Thanks, Geoff.
I was afraid that was the answer re: stored calculations. Your
suggestion to tackle the problem just at the second level sounds like
it would be well worth some consideration.
I am definitely not excited about the option of exporting and
importing data between the levels, nor do I like the look up or auto-
calc option. Too easy to end up looking at incorrect info based on
old data.
I appreciate your suggestions. Thanks again.
Sue
On May 5, 2010, at 12:25 PM, Geoff Graham wrote:
On May 5, 2010, at 1:56 PM, Sue wrote:
I am wondering what steps I could take within Filemaker to speed up
the file functioning, such as possibly storing calculation results
at each level (none are stored at present, which I suspect is the
problem). Is there anything I need to consider before changing all
of my calculations to stored?
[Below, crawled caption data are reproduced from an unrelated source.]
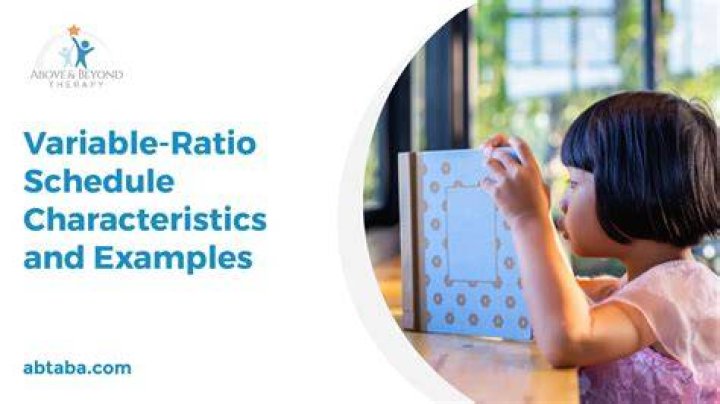 What is schedule and its characteristics?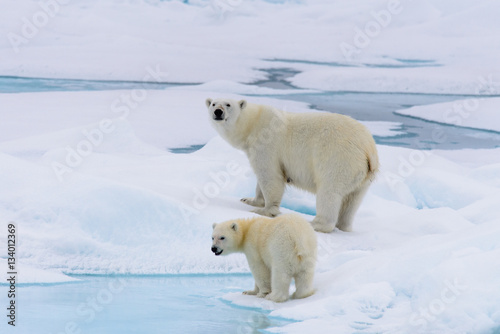 Polar bear (Ursus maritimus) mother and cub on the pack ice, nor © Alexey Seafarer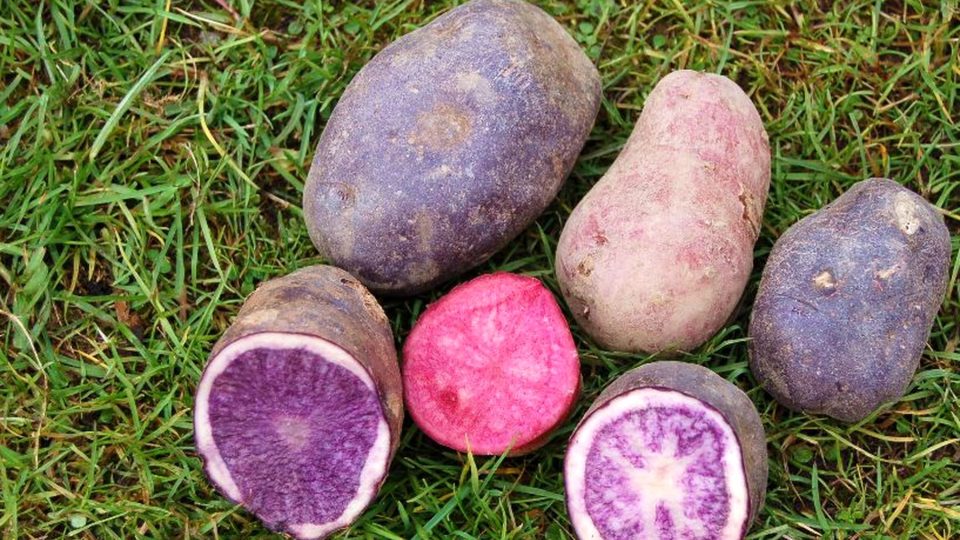 Existují i brambory s barevnou dužninou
Can I assume the fields will
recalculate as necessary whenever additional data is added at the
bottom level, or not?
That does appear to be the low-hanging fruit for you. Your second
option actually changes your structure some, which you are satisfied
with except for the speed issue.
Stored calcs that use indexable data from the current record will
auto-update; Stored calcs that use data from a related record will
not, if only the data in the related file has changed.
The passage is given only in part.